2007-02-10 09:59:07 AM  
They are in their death throes. I wonder how much longer these guys will stick around. The future of music is not record labels, thanks to our friend the internet.
 
2007-02-10 10:06:24 AM  
Wow!

They have lowered their demands then.
 
2007-02-10 10:14:39 AM  
Jamin Aura: The future of music is not record labels, thanks to our friend the internet.

Unfortunately, this is killing live music performance on local levels. The American Federation of Musicians gets a small portion of CD sales to fund LIVE music in schools, outdoor or other free performances to the public. Musicians that are not big name stars are really being hurt by the fact that the AFM doesn't have have an agreement with the people that provide the downloads of popular music.

I am a member of the AFM, and I deal with trying to get gigs, and it is devastating to local pro's that make a living as musicians. I don't think the average Joe SixPack knows just how much time is invested by professional musicians perfecting our craft to provide good music on a local level. In the old days, when Joe Sixpack bought a copy of the newest Frank Zappa record, a small portion of the purchase price went to the Musicians Performance Trust Fund. Believe it or not, most of the musicians you listen to are members of the AFM. Not having the funds for the Musicians Performance Trust is affecting all genres of music, not just classical or jazz. If a guy is a member of the AFM, he has the ability to get re-imbursed from the National Union on these kind of gigs. So, the internet may be your friend, but in this regard, it sure as hell is not mine. When I was in college, one of my music profs said a very profound statement. "Music IS performance". Live music is so much better than the canned performances one gets from the internet.
 
2007-02-10 10:16:46 AM  
Why don't they just get the government to give them $250 per taxpayer per year to account for pirates listening to music on the radio and public venues?
 
2007-02-10 10:23:06 AM  
capecodcarl: Why don't they just get the government to give them $250 per taxpayer per year to account for pirates listening to music on the radio and public venues

Have you ever heard of ASCAP or BMI? ASCAP stands for The American Society of Composers, Authors and Publishers. Every time music is published and performed, a royalty is paid to ASCAP or BMI for that performance.

I have to deal with ASCAP sending the local city I book concerts for (I am a member of my City's Cultural Commission) a fee , to make sure they get their piece of the musical pie. Otherwise, why would a composer compose music, if someone can perform it and not pay any royalty on their intellectual property. If you write a dynamite computer program, you'd want to get paid for it, the same applies for musicians lyric writers and composers.
 
2007-02-10 10:28:44 AM  
NYC 50's fan: I have to deal with ASCAP sending the local city I book concerts for (I am a member of my City's Cultural Commission) a fee , to make sure they get their piece of the musical pie.

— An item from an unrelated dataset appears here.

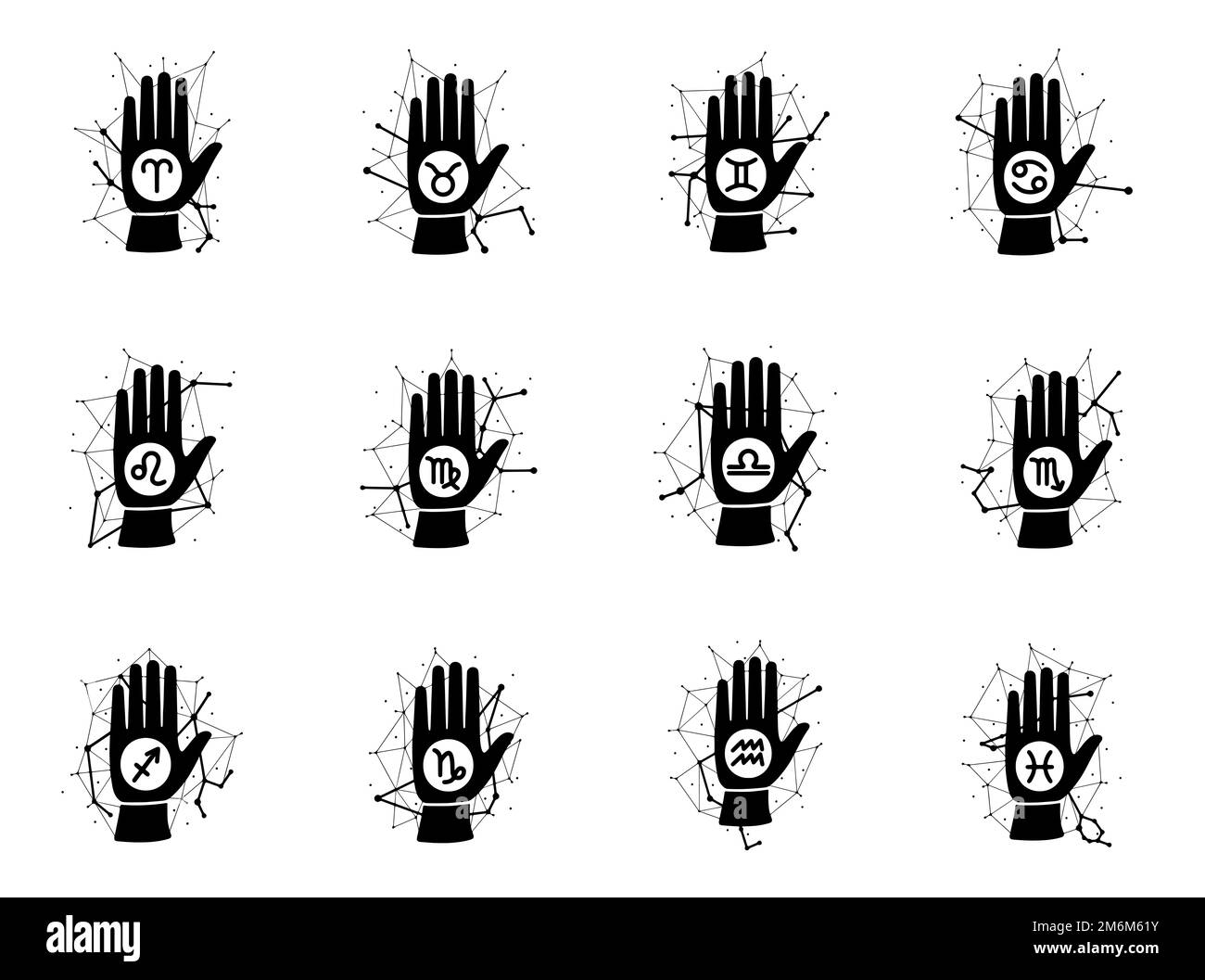 Hand with zodiac signs and constellation doodle design. Horoscope fortune telling concept artwork. Stock Photo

Otherwise, why would a composer compose music, if someone can perform it and not pay any royalty on their intellectual property. If you write a dynamite computer program, you'd want to get paid for it, the same applies for musicians lyric writers and composers.

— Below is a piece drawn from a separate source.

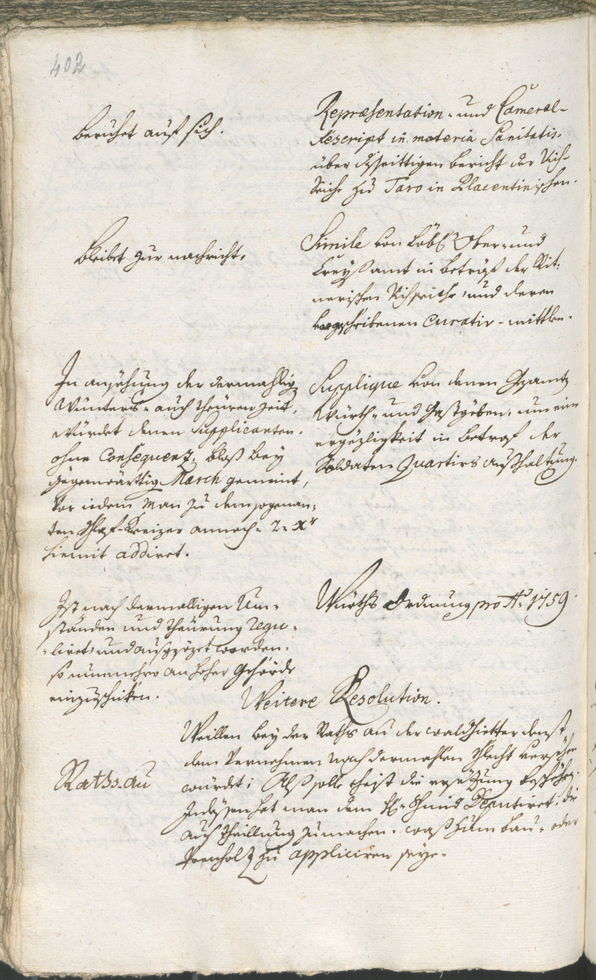 Civic Archives of Bozen-Bolzano - BOhisto Ratsprotokoll 1756/59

But using your analogy what if the ASCAP charged everyone a fee for booking a hall wherever live music MIGHT be played?

This levy would charge people when they buy the mp3 player AND when they buy the music?
Granted many may not buy the music but don't charge everyone for that - if I use my mp3 player for podcasts only why should I have to pay anything to a recording industry?
 
2007-02-10 10:37:09 AM  
chippy chippy suck nuts
 
2007-02-10 10:53:34 AM  
On one hand, as musician, I agree with NYC. local musicians are being hurt, and ultimately so is society. If the only music available is the stuff that the corporations who can afford to put it out- things will suck "mach schnell"

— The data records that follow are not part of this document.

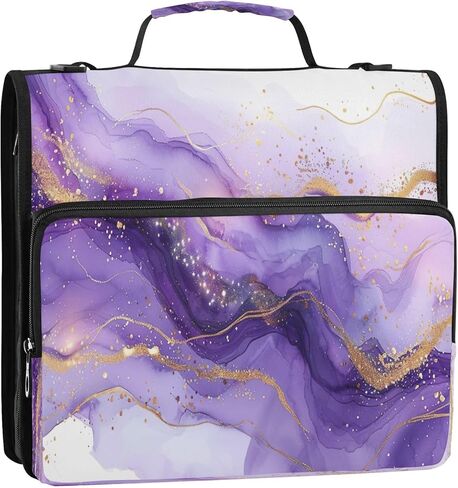 غلاف بسحاب مقاوم للماء من الرخام الأرجواني مع حزام كتف، حافظة صياد ثلاثية الحلقات بتصميم مسطح ومقصورات متعددة للمدرسة والمكتب، للبالغين والأطفال in Kuwait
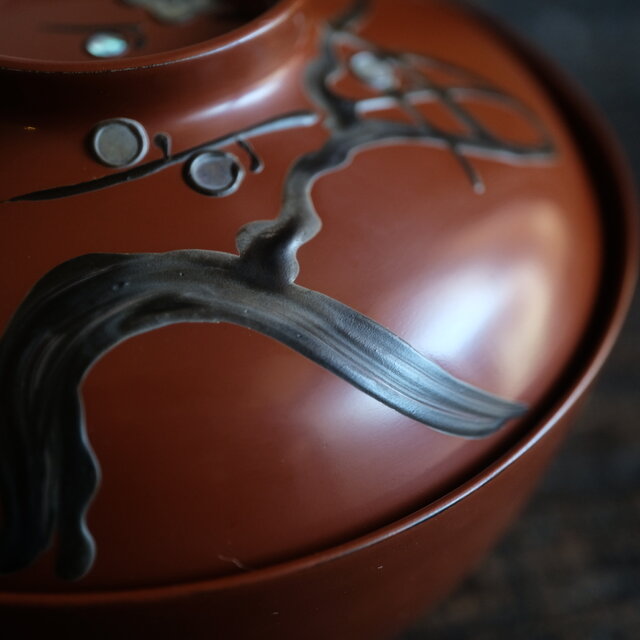 ブラウンに螺鈿細工の梅◇時代物 漆芸蓋付椀 古漆器 骨董・antiques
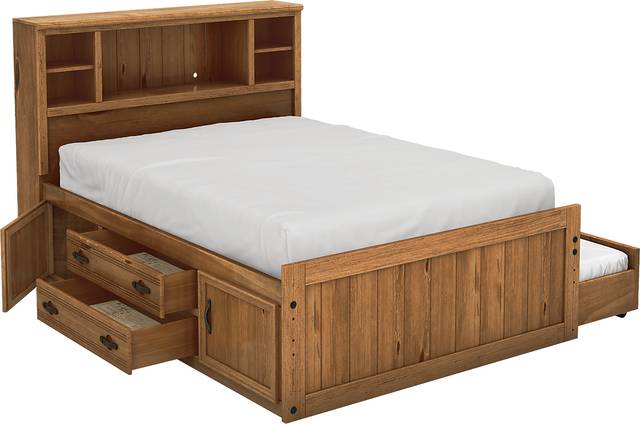 Kids Creekside Chestnut 5 Pc Full Bookcase Bed with Storage & Twin Storage Trundle - Thumbnail - Image 1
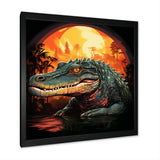 Orange and green Crocodile sunset - Crocodile Framed Canvas Art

On the other hand, maybe there should be a tax on things like mp3 players, and CDs- on mp3s downloaded and electronic mediums just to ensure that musicians get paid for their work.

/DR All TFA.
 
2007-02-10 10:54:45 AM  
By the way, NYC's 50's fan can I send you a demo and some stuff for your files? Email in profile.
 
2007-02-10 11:12:48 AM  
Stompn_Tom: But using your analogy what if the ASCAP charged everyone a fee for booking a hall wherever live music MIGHT be played?

When I was librarian for a community orchestra, one of my duties was to send to ASCAP a copy of the Orchestra's programs, so ASCAP could decide whether the music was in the public domain or if was under copyright protection. If the piece, say for instance, Aaron Copland's Billy the Kid, we would have to pay a royalty to Copland's estate through ASCAP to legally perform his music. It protects the composer for his intectually property. Some composer estates get their piece of the pie by only renting copies of their compostions. So when you pay to rent a hall and have live music, somewhere in the cost of the rental that is factored in the rental price. Sorry to burst your bubble, but that's the way it works.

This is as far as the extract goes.